# Anyone with expertise on music boxes?



## Cwalker935 (Jun 11, 2016)

My wife is cleaning out her late mother's stuff and came home with 3 music boxes that were not working.  I took them apart supplied some gentle persuasion to the turning mechanisms and noticed that they were trying to turn on their own.  After couple of squirts of wd40 and a little more persuasion, they were all working great.  WD40 is probably not the best lubricant, should I get some sewing machine oil or something else to use?

One of the boxes is a small bust of Chopin and another is a bust of Brahams.  The third is a box from West Point that plays 4 separate tunes.  The pin drum slides back and forth on its own to automatically change the songs.  I have never had an interest in music boxes but these things are pretty cool.  Have no idea as to their age. The music box busts were made by Toriart.  The West Point box was made in Switzerland by Thorens.


----------



## jimmyz (Jun 11, 2016)

No expertise here, but my wife has taken several to a man in Williamsburg and has been happy with the results.


----------



## KenV (Jun 11, 2016)

Cody

Not an expert, but went to engineer school and have played with music boxes and mechanical movements like mantle clocks.

WD 40 is not a good choice.  It leaves a gummy residue.  Not surprising as it is mostly kerosene/mineral spirits.  Acetone is a better cleaner, and a fine oil such as used in clocks guns or sewing machines carefully applied (no aerosol spray cans unless masses of rust are present.  Think needle applicator.

Replacement movements have become quite expensive especially for multi-tune movements.  While music movements have been around a long time, most found are from the 30s through the 60s.  Electronics took over the lower end of the market after that.


----------



## plantman (Jun 11, 2016)

Cody; Everything Ken has said is correct. I have repaired or restored many movements including clocks and music boxes over the years. Most problems are caused by a buildup of dust over the years or lack of lubrication. Cleaning and oiling are all that is needed in most cases.
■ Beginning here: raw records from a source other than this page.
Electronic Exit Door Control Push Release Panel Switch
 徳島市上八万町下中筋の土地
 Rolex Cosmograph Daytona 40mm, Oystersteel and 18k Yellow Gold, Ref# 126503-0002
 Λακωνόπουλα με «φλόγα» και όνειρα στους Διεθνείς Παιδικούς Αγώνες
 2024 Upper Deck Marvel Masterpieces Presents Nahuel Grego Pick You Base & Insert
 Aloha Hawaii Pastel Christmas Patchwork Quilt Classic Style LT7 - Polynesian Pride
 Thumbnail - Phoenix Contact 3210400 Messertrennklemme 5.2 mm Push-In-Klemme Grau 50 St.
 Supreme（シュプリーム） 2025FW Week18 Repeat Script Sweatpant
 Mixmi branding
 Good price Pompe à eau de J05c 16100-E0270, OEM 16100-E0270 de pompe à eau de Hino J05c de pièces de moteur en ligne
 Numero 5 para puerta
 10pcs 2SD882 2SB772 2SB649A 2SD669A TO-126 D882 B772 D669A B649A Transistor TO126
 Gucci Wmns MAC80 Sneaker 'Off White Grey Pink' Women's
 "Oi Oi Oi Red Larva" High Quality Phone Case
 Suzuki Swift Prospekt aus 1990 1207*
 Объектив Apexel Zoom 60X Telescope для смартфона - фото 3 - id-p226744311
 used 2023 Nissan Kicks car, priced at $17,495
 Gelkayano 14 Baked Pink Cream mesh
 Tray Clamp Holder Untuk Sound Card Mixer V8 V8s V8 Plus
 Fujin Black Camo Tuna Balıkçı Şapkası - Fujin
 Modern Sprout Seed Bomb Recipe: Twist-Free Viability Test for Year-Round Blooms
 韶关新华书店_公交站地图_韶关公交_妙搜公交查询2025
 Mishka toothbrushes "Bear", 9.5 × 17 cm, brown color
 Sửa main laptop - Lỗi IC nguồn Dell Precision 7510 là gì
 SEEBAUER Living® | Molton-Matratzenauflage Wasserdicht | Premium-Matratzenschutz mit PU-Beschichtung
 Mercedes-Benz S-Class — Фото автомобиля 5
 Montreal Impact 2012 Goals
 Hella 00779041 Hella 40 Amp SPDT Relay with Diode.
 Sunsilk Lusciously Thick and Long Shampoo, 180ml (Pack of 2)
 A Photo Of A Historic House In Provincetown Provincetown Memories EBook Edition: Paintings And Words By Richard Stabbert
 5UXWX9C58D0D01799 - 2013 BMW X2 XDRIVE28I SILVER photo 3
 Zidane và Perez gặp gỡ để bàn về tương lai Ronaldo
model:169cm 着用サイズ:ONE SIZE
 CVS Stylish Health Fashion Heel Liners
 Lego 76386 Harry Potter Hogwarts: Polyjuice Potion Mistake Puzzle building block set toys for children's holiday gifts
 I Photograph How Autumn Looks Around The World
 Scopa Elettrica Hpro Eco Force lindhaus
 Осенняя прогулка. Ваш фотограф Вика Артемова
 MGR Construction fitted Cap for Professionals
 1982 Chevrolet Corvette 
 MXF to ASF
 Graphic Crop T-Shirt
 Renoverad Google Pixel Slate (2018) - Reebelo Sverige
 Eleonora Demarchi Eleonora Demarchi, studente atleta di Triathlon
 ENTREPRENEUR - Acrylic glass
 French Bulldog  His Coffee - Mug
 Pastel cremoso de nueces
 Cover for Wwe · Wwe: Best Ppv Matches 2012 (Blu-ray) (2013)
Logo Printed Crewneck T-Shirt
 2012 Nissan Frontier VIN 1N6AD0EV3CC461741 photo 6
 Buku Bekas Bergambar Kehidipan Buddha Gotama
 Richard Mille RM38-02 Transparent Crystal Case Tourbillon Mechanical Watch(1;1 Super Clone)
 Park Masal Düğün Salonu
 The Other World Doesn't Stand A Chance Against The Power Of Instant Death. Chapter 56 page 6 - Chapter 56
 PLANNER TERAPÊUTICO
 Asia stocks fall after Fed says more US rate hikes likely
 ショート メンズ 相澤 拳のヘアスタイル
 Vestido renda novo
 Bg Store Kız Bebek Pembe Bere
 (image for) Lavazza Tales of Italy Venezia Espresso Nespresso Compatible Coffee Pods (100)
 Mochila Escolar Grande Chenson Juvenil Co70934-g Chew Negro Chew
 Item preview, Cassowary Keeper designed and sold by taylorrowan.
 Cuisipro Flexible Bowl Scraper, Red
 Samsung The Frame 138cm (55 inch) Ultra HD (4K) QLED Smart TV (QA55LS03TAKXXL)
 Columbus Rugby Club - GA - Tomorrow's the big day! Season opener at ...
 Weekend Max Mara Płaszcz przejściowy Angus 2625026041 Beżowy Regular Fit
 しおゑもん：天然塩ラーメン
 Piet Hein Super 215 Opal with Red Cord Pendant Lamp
To clean I use compressed air in the can, and electrical contact cleaner. For oil I use clock oil applied with a needle applicator, 3 in 1 oil, fine machine oil, or white oil. A small amount is all that is needed, as to much just collects more dust quicker. Sometimes you may need to adjust the gears up or down so they mesh easier. I buy music boxes at rummage sales and use the movements in custom cases I build. As long as it has a good tune and sound, it doesn't matter what the what the outside looks like.  Jim  S


----------



## ZbR (Jun 11, 2016)

Hi Cody,

Since I do clock movements restorations (musical box was also on my bench) I have to tell you that this what you did is not the best way. Movements which were not used for some time and have a dirt/dust on parts should be disasambled and cleaned. If you do not do it you risk that pivots (small ends of arbour sitting in movement's plates) are being horribly abused (dust works as an abrasive agent). If movement is clean and in working condition it is only necessary to oil pivots/holes.
It is not very complicated to disasamble movement but first you have to let down the spring, there is special device to do it. Please take into account that in these boxes springs are very powerful, much more than in clocks!


----------



## Rockytime (Jun 11, 2016)

I have repaired clocks and music boxes for over40 years. I still do part/full time. Full time with very short hours. WD40 is the nemesis for all mechanical movements. I would have a professional repair it. If you have one that is not sprayed with WD40 just an oiling with any very light will work. Use it until it no longer works. Then have it repaired. If the pivots are worn they need to be polished and possibly some of the pivot hols will need bushing. Mainsprings need to be let down, cleaned and lubricated. Very large music boxes and Victrolas Have large and dangerous mainsprings. Without proper equipment avoid them.


----------



## Cwalker935 (Jun 11, 2016)

Thanks for the feedback and advice.  Sounds like I should have sought advice before tinkering.


----------